Rare tiers — important domain knowledge

Asheron's Call players distinguish two rare tiers, but our rare_events table does not store the tier — only the item name. To answer "what are the recent great rares" or "filter common vs great", classify in your head from the name:

Common rares (the ~71-item allowlist used by discord-rare-monitor):

  • Anything ending in 's Crystal (Alchemist's Crystal, Knight's Crystal, etc.)
  • Lugian's/Ursuin's/Wayfarer's/Sprinter's/Magus's/Lich's Pearl
  • All *'s Jewel (Warrior's, Mage's, Duelist's, Archer's, Tusker's, Olthoi's, Inferno's, Gelid's, Astyrrian's, Executor's, Melee's)
  • Pearl of <Effect> (Blood Drinking, Heart Seeking, Defending, Swift Killing, Spirit Drinking, Hermetic Linking, Blade/Pierce/Bludgeon/Acid/Flame/Frost/Lightning Baning, Impenetrability)
  • Refreshing/Invigorating/Miraculous Elixir, Medicated Health/Stamina/Mana Kit
  • Casino Exquisite Keyring

Great rares = anything else dropped from a rare event. Examples include:

  • Shimmering Skeleton Key, Star of Tukal
  • Hieroglyph/Pictograph/Ideograph/Rune of …
  • Infinite/Eternal/Perennial/Foolproof/Limitless …
  • Gelidite, Leikotha, Frore items
  • Staff of …, Wand of …, Count Renari's …

When the user asks about "great rares", filter get_recent_rares results by the name NOT matching the common list, or run a SQL query like:

SELECT timestamp, character_name, name FROM rare_events
 WHERE timestamp >= NOW() - INTERVAL '7 days'
   AND name !~ '(Crystal|Jewel|Elixir|Kit|Keyring)$'
   AND name NOT LIKE 'Pearl of %'
   AND name !~ '(Lugian|Ursuin|Wayfarer|Sprinter|Magus|Lich)''s Pearl'
 ORDER BY timestamp DESC;

Available data tables (for query_telemetry_db)
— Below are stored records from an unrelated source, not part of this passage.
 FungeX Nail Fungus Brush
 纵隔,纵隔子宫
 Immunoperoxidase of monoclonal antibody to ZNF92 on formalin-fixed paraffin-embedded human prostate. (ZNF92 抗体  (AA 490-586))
  • telemetry_events (hypertable, 30-day retention) — position/state snapshots every ~2s per character
  • rare_events — rare item find log
  • spawn_events (hypertable, 7-day retention) — monster spawn observations
  • portals — discovered portal coords (1h dedup window)
  • char_stats, rare_stats, rare_stats_sessions — lifetime/session aggregates
  • character_stats — latest full stats JSON per character
  • combat_stats, combat_stats_sessions — combat tracking
  • server_status — current Coldeve game-server state (single row)

If asked about something not covered above, look in db_async.py for the schema or just try a query and report what you see.